For an index scan, we have to read from both A and B. In the current version of QLever (with just one index), an index scan just reads a segment from a file on disk and writes it into memory. With two indexes, we read the corresponding segments from A and B, merge them, and write the merged result into memory. The end result has the same form as in the current version of QLever. When B is small (which is the case for our target scenario, where the number of updates is relatively small compared to the size of the whole data), there is only a small performance penalty, because the merge can just scan over large segments of the data from A.

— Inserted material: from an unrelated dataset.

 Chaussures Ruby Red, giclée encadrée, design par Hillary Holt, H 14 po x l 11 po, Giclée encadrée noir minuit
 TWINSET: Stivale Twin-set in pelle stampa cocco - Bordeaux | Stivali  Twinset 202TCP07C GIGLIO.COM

During this merge, we can easily take care of triples that were added to B with a delete tag. Namely, during the merge, we will encounter such a triple together with its corresponding triple from A and then we can simply ignore it, that is, not write it to the merged result (it's like matter and anti-matter colliding and disappearing into nothing).

For an intermediate operation, we can proceed almost as before. The input tables are of the same form as in the single-index case, with one difference. Namely, if an input table is sorted by a particular column, the order of the IDs in that column now does not fully correspond to the "natural" order of the respective IRIs or literals. However, since the new IDs from B are all larger than the IDs from A, the table consists of a top part (with the old IDs in the respective column) and a bottom part (with the new IDs in the respective column), such that the "natural-order" property holds for each part. It is easy to keep track of the dividing line (row index) between the two parts.

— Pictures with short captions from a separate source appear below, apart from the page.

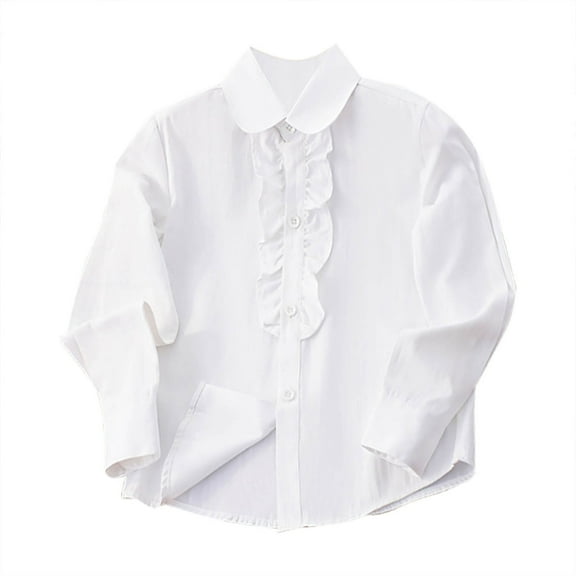 Wdgfv Girls Long Sleeve Shirt School Blouse Button Down Collared Top for Spring Summer Casual Formal Wear 2-16 Years White 10-11 Years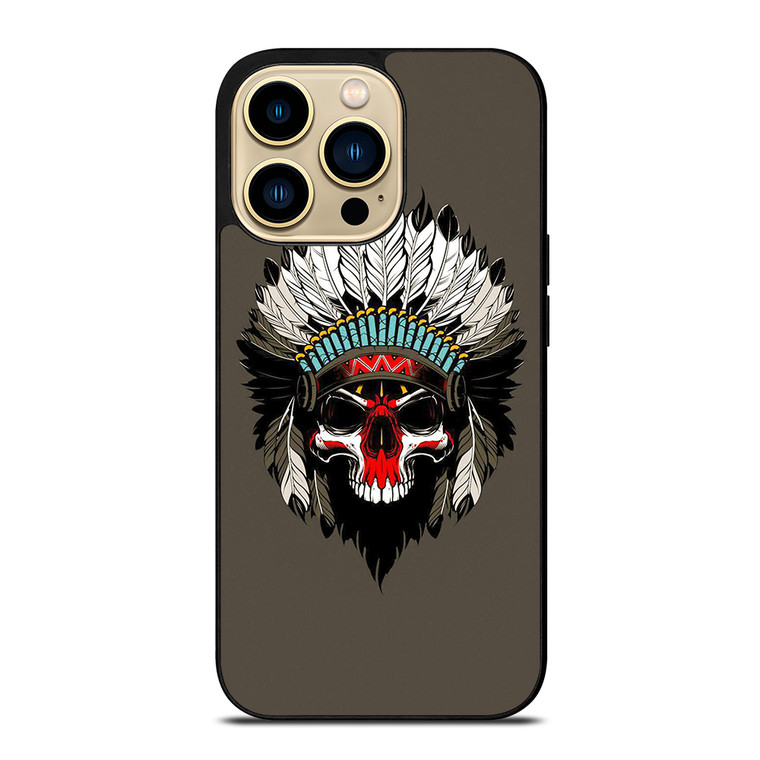 INDIAN FEATHER SKULL iPhone 14 Pro Max Case Cover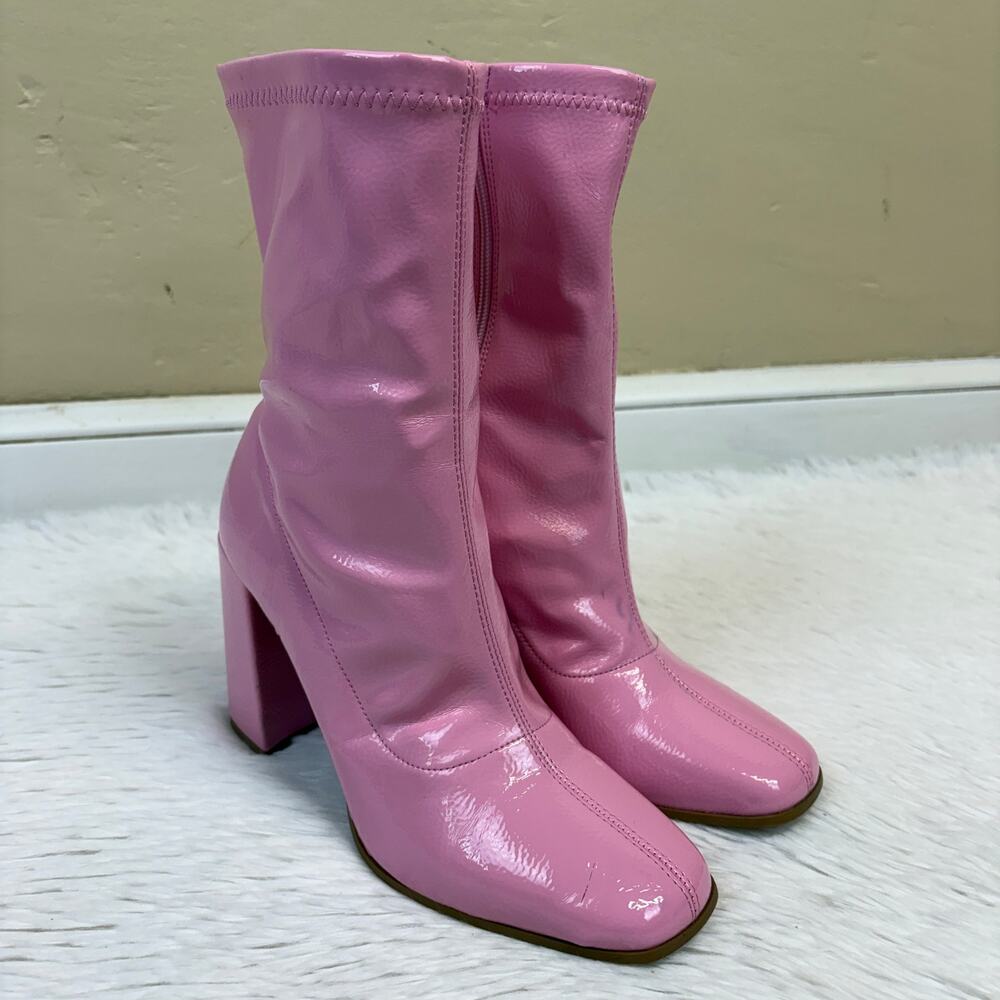 Delicious Square Toe Mid Calf Block Heel Pink Ankle Bootie Size US Women's 8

For many operations, the "natural-order" property is not important. In particular, it is not important for JOIN operation: all we need there is that the IDs are sorted. For some operations, the "natural-order" property is important. In particular, it is important to efficiently process FILTER operations involving a prefix regular expression and ORDER BY operations. Whenever the "natural-order" property is needed, we can just carry out the respective operation on both parts of the input table (for each of which the "natural-order" property holds, see above), and then merge the results. For the merging, for the IDs from B we need the pre-computed mapping (see above) to where they "fit into" the IDs from A.

Optimizations

A large part of the cost of building the index for B is locating the (nearest or exact) IDs from B in the large vocabulary of A. For a sequence of rebuilds of B relative to the same index A, we can reuse the results of the last such locating. So if, for example, we rebuild B once every minute, we only need to do the locating for the (IDs of the) triples added in the last minute.